Von Bernd Dörries, Kapstadt

Im äthiopischen Bürgerkrieg hat die Führung der abtrünnigen Region Tigray einen Abzug ihrer Truppen aus dem restlichen Äthiopien angekündigt und bietet einen sofortigen Waffenstillstand an. "Ich habe den Einheiten der Armee von Tigray, die sich außerhalb der Grenzen von Tigray befinden, befohlen, sich mit sofortiger Wirkung in die Grenzen von Tigray zurückzuziehen", schrieb Debretsion Gebremichael, der Präsident der Region, am Sonntag in einem Brief an UN-Generalsekretär António Guterres.

Der Bürgerkrieg begann Anfang November 2020, seitdem sind wahrscheinlich Zehntausende Menschen ums Leben gekommen, Hunderttausende sind auf der Flucht, Millionen leiden unter Mangelernährung.

"Keine Seite kann der anderen ihren Willen durch militärische Dominanz aufdrängen", schrieb Debretsion an den UN-Chef. Es handele sich um einen "nutzlosen Krieg".

Die Spannungen hatten mit dem Amtsantritt von Abiy Ahmed im Jahr 2018 begonnen. Zuvor hatte die zur Partei gewordene Volksbefreiungsfront von Tigray (TPLF) fast 30 Jahre lang Politik und Wirtschaft in Äthiopien dominiert, obwohl die Volksgruppe der Tigray nur sechs Prozent der Bevölkerung Äthiopiens stellt. Unter der TPLF-Führung wuchs die Wirtschaft viele Jahre auf Rekordniveau, Korruption und Menschenrechtsverletzungen unter dem Regime der Einheitspartei wurden aber immer schlimmer.
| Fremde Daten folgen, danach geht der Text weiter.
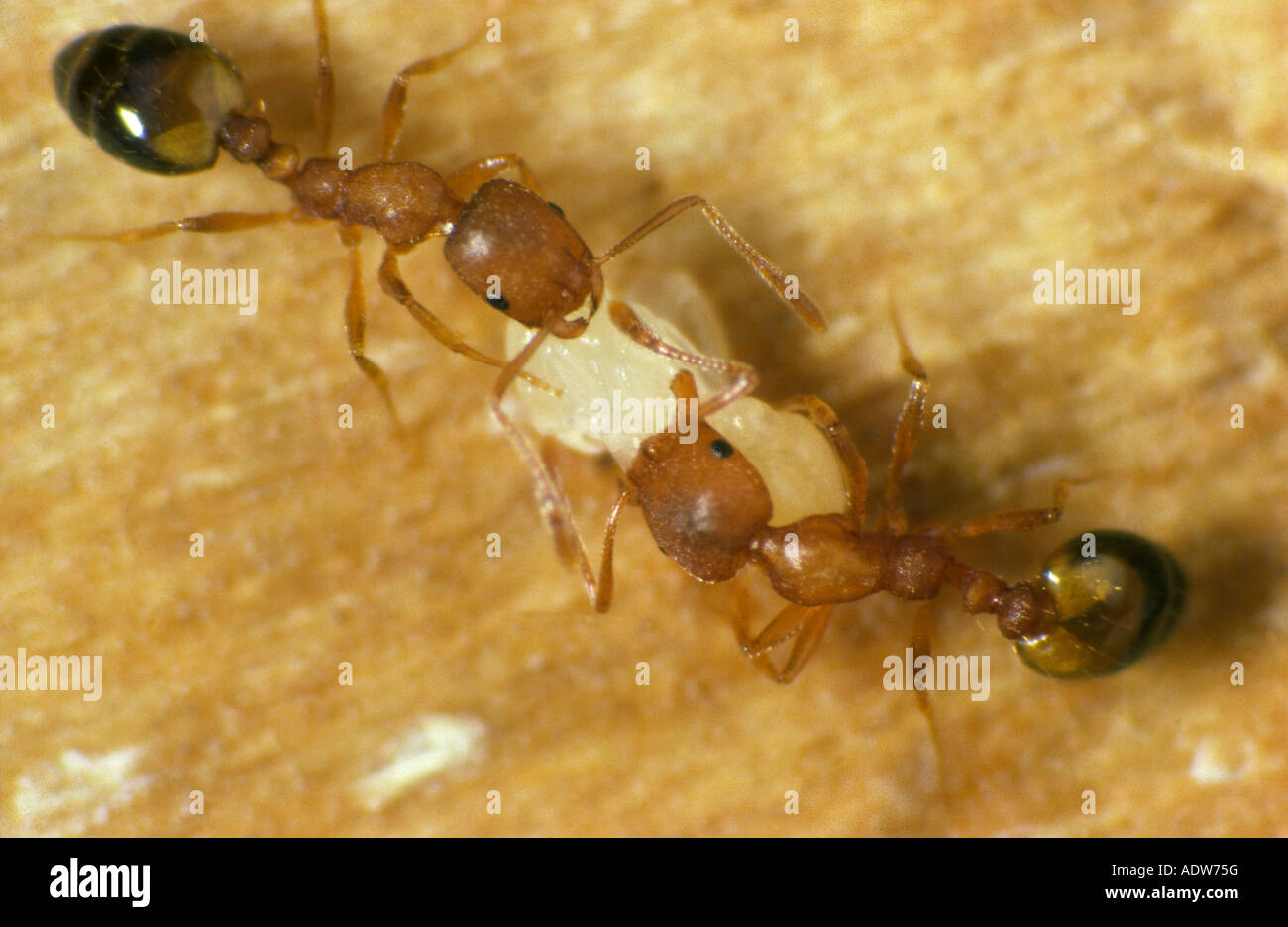 Pharaohs ant Monomorium pharaonis workers carrying pupa Stock Photo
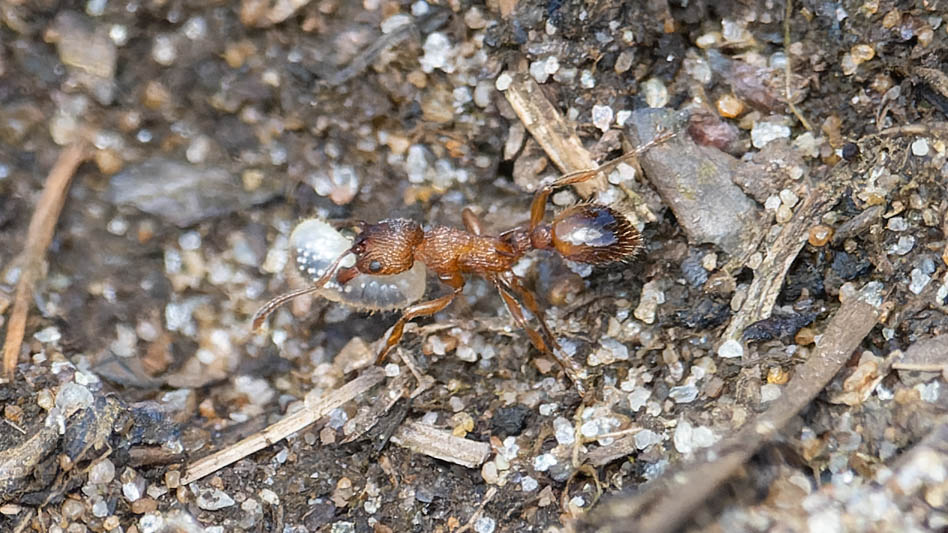 Myrmica ruginodis (Woodland Red Ant).jpg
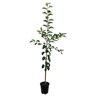 Apple Semi-Dwarf 'Rubee Red' 4.7 litre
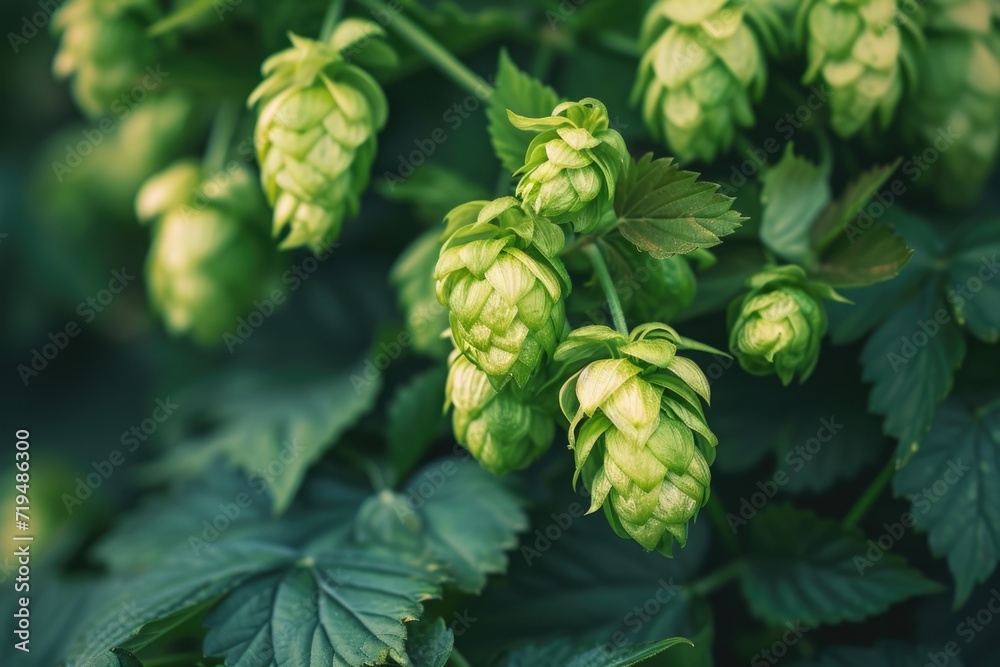 A detailed close-up view of a bunch of green hops. This image can be used to illustrate brewing, beer production, or the agricultural process of growing hops A detailed close-up view of a bunch of green hops. This image can be used to illustrate brewing, beer production, or the agricultural process of growing hops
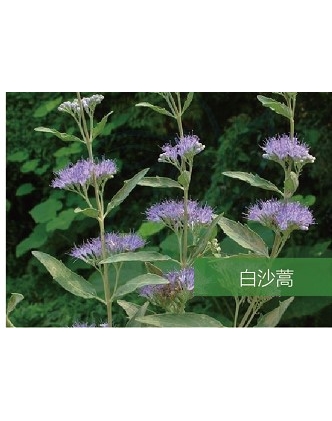 標(biāo)題：名貴樹種
瀏覽次數(shù)：1474
發(fā)表時間：2020-10-17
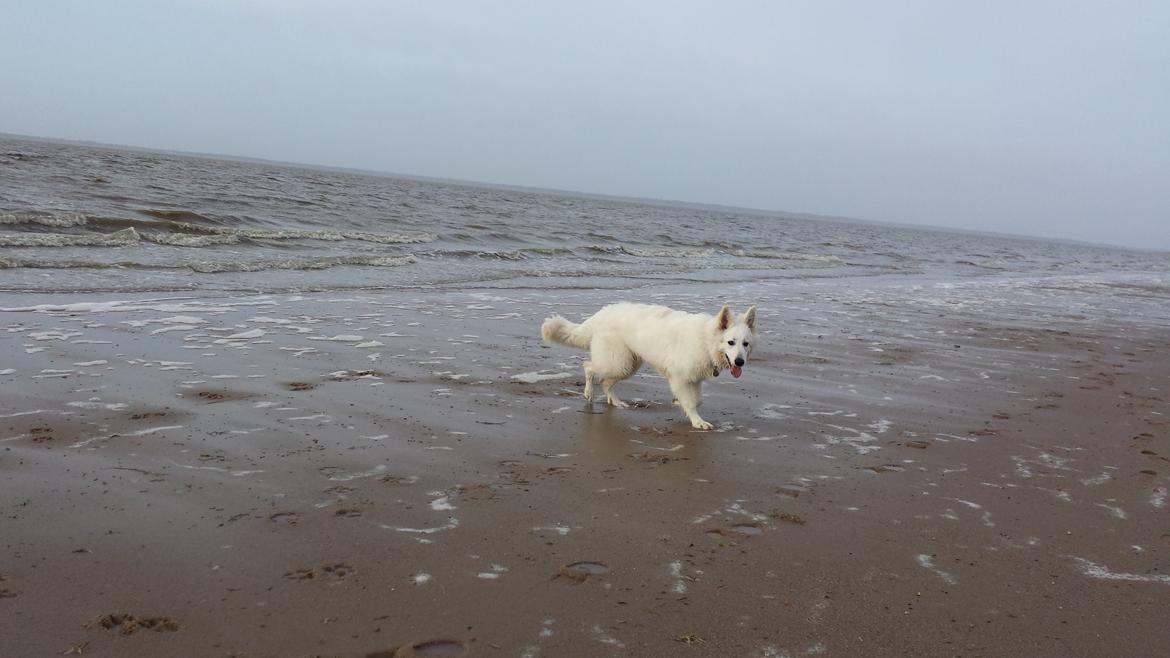 Hvid schæfer Kenzo billede 21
Nach jahrelangen Protesten übernahm mit Abiy erstmals ein Vertreter der größten Volksgruppe der Oromo die Macht, die Elite der Tigray verlor an Einfluss, Macht und auch Reichtum, viele ihrer Führer zogen sich in den Norden zurück und sabotierten die Politik von Abiy.

Beiden Seiten werden schwere Gräueltaten vorgeworfen

Der hatte 2019 den Friedensnobelpreis für seine Aussöhnung mit dem alten Erzfeind in Eritrea bekommen, mit den Tigray dagegen gab es keine Aussöhnung. Zusammen mit den Truppen aus dem Nachbarland besetzten Abiys Truppen und zahlreiche Milizen die Region Tigray und begingen Massenvergewaltigungen und -erschießungen. Später drehte sich das Pendel, im November befanden sich die Truppen der TPLF auf dem Vormarsch in Richtung der Hauptstadt Addis Abeba, westliche Botschaften begannen bereits damit, ihre Mitarbeiter in Sicherheit zu bringen. Auch der TPLF werden mittlerweile schwere Gräueltaten vorgeworfen.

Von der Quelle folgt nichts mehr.